Dalam makalah ini, penulis akan mencantumkan hadis-hadis yang berkenaan dengan peristiwa sebelum dan sesudah kiamat beserta penjelasannya. Di sini penulis tidak akan mengulas hadis tentang kiamat itu sendiri karena pembahasan mengenainya telah ditulis dalam makalah tersendiri dan juga telah dipresentasikan. Selamat membaca dan merenungi.

B.                 Hadis-hadis Futuristik; Syarh wa Dirāsah
Hadis-hadis yang akan di bahas berkisar pada pembahasan pra-kiamat; alam kubur (barzakh), dajjāl, al-Imām al-Mahdī. Dan pasca-kiamat; neraka, dan surga.
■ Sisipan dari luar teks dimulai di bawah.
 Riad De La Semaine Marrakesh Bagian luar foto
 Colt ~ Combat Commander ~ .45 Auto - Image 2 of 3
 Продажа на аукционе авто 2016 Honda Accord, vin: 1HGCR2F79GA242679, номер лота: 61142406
Disertakan juga bagaimana para ulama hadis menjelaskan hadis-hadis tersebut dalam kitab-kitab syarh mereka, disertai pula dengan catatan singkat.
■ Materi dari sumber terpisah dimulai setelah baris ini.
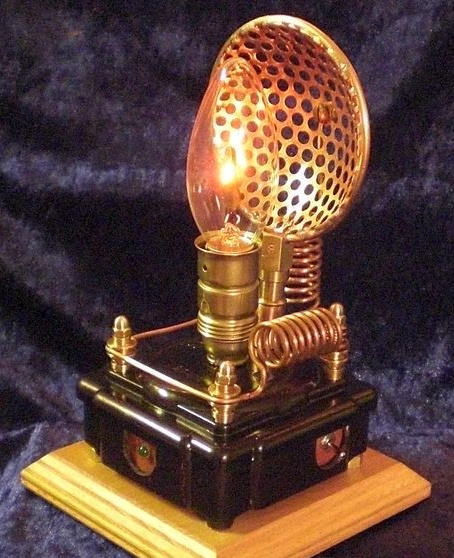 DIY-flimrande gör-det-själv steampunk-batteridriven lampa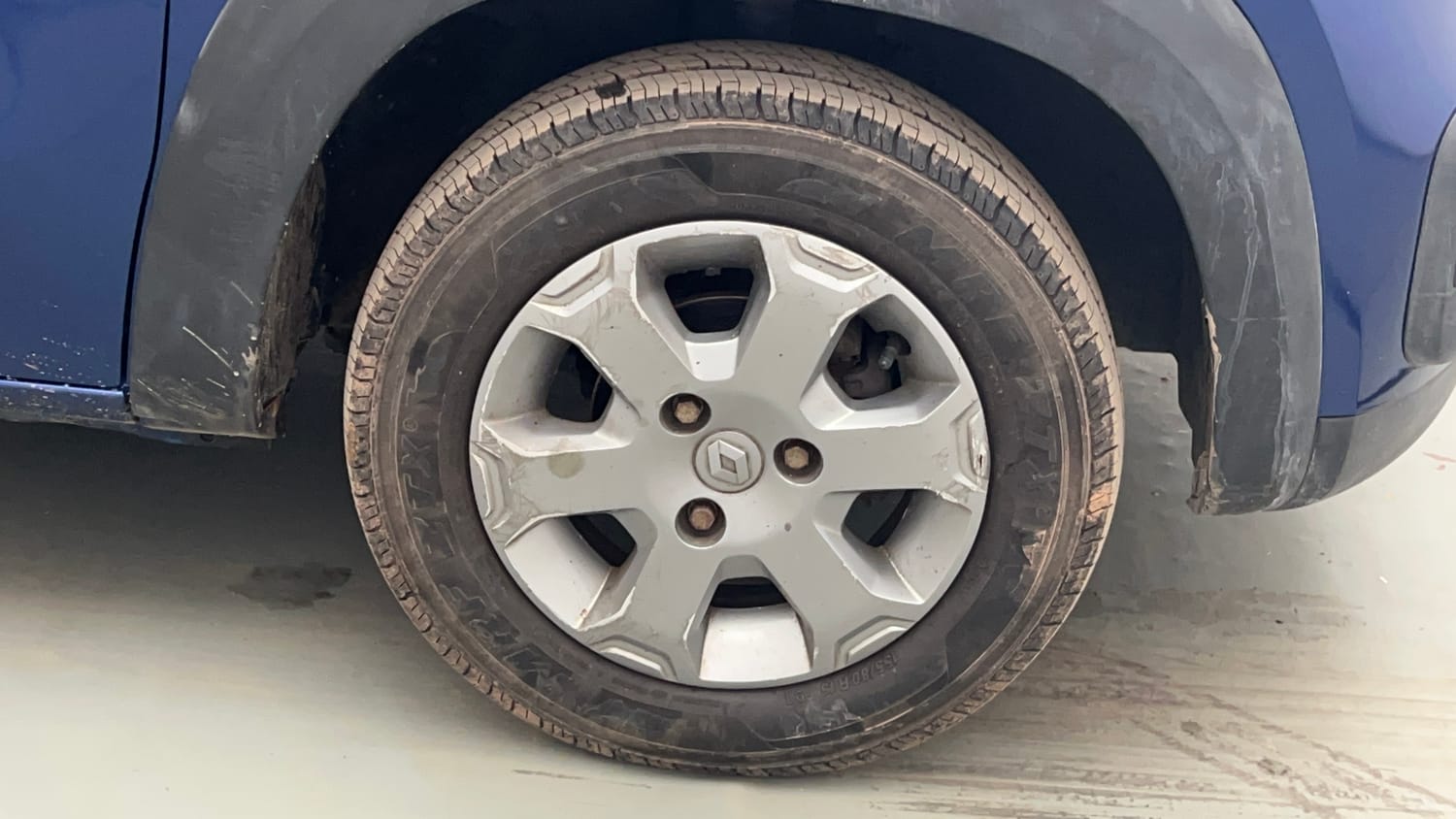 Used 2019 Renault Kwid CLIMBER 1.0 Petrol Manual tyres RIGHT FRONT TYRE RIM VIEW
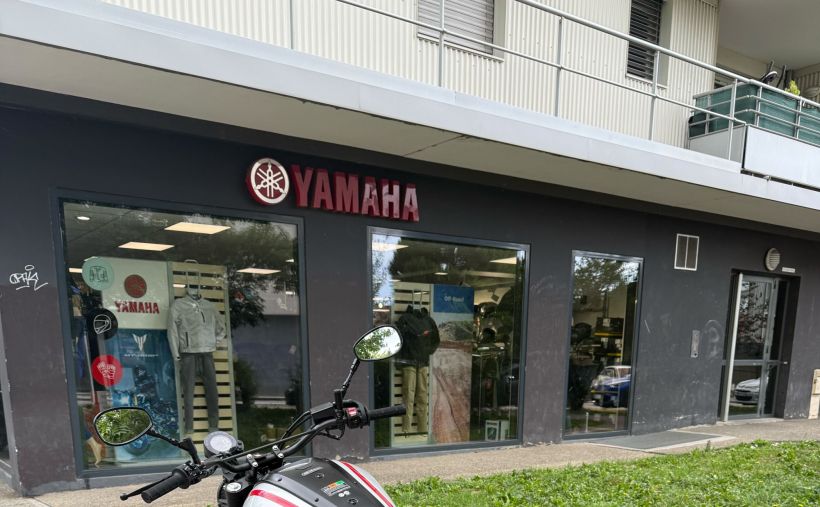YAMAHA XSR 700 XTRIBUTE 3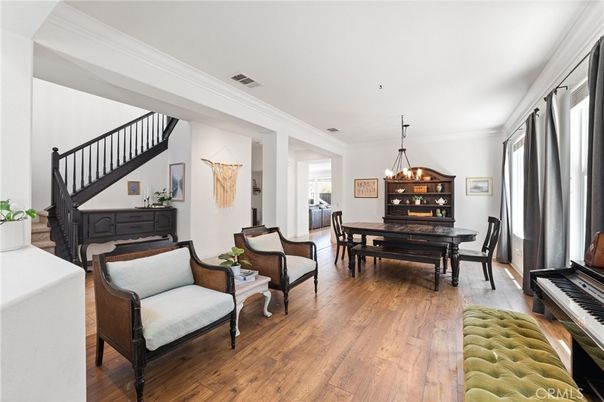 Chandelier, Dining room, Interior, Piano, Wood Texture Flooring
1.                  Alam Kubur; Ahwāluha wa Ahluha
a.      Hadis
حَدَّثَنَا عَيَّاشٌ حَدَّثَنَا عَبْدُ الْأَعْلَى حَدَّثَنَا سَعِيدٌ قَالَ وَقَالَ لِي خَلِيفَةُ حَدَّثَنَا يَزِيدُ بْنُ زُرَيْعٍ حَدَّثَنَا سَعِيدٌ عَنْ قَتَادَةَ عَنْ أَنَسٍ رَضِيَ اللَّهُ عَنْهُ عَنْ النَّبِيِّ صَلَّى اللَّهُ عَلَيْهِ وَسَلَّمَ قَالَ الْعَبْدُ إِذَا وُضِعَ فِي قَبْرِهِ وَتُوُلِّيَ وَذَهَبَ أَصْحَابُهُ حَتَّى إِنَّهُ لَيَسْمَعُ قَرْعَ نِعَالِهِمْ أَتَاهُ مَلَكَانِ فَأَقْعَدَاهُ فَيَقُولَانِ لَهُ مَا كُنْتَ تَقُولُ فِي هَذَا الرَّجُلِ مُحَمَّدٍ صَلَّى اللَّهُ عَلَيْهِ وَسَلَّمَ فَيَقُولُ أَشْهَدُ أَنَّهُ عَبْدُ اللَّهِ وَرَسُولُهُ فَيُقَالُ انْظُرْ إِلَى مَقْعَدِكَ مِنْ النَّارِ أَبْدَلَكَ اللَّهُ بِهِ مَقْعَدًا مِنْ الْجَنَّةِ قَالَ النَّبِيُّ صَلَّى اللَّهُ عَلَيْهِ وَسَلَّمَ فَيَرَاهُمَا جَمِيعًا وَأَمَّا الْكَافِرُ أَوْ الْمُنَافِقُ فَيَقُولُ لَا أَدْرِي كُنْتُ أَقُولُ مَا يَقُولُ النَّاسُ فَيُقَالُ لَا دَرَيْتَ وَلَا تَلَيْتَ ثُمَّ يُضْرَبُ بِمِطْرَقَةٍ مِنْ حَدِيدٍ ضَرْبَةً بَيْنَ أُذُنَيْهِ فَيَصِيحُ صَيْحَةً يَسْمَعُهَا مَنْ يَلِيهِ إِلَّا الثَّقَلَيْنِ[1]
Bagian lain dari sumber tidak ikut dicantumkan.